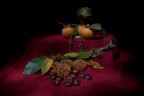 Autumn Autumn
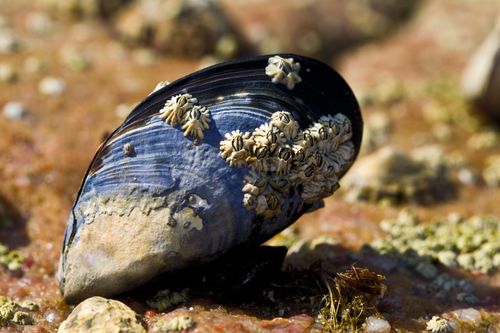 Free Barnacle-encrusted mussel shell on a rocky coastal terrain, detailed close-up. Stock Photo
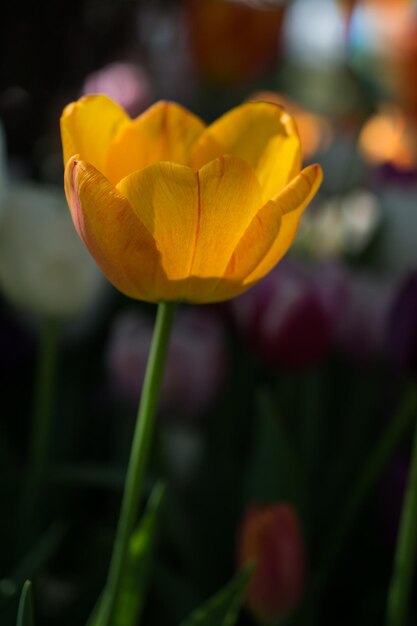 Pojedynczy kwiat tulipana w sezonie wiosennym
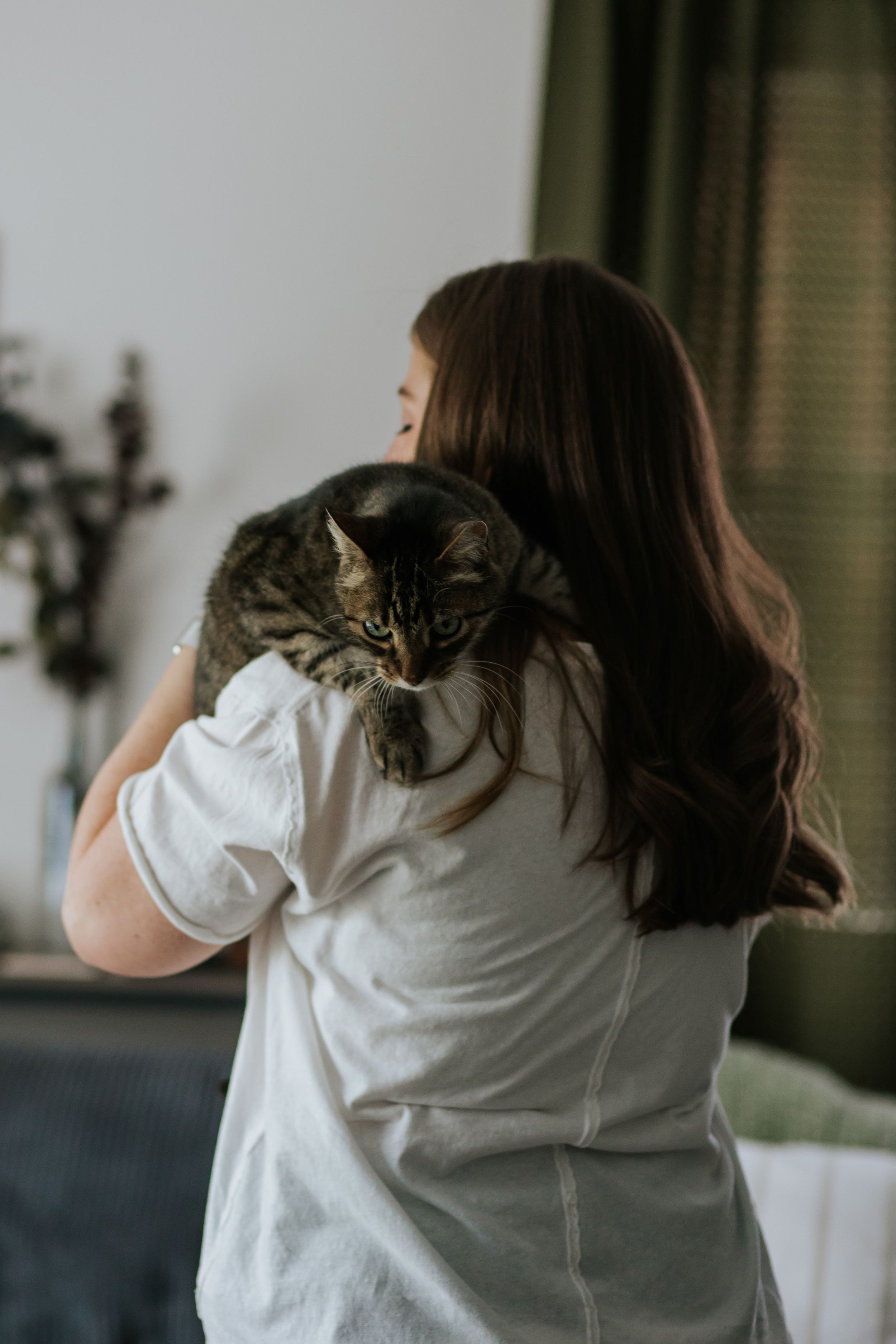 Cat perches on someone's shoulder while they sit in a white shirt by a window.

What the task requires
All the material above should be written out exactly, with images omitted.

Task solution
 Autumn Autumn
 Free Barnacle-encrusted mussel shell on a rocky coastal terrain, detailed close-up. Stock Photo
 Pojedynczy kwiat tulipana w sezonie wiosennym
 Cat perches on someone's shoulder while they sit in a white shirt by a window.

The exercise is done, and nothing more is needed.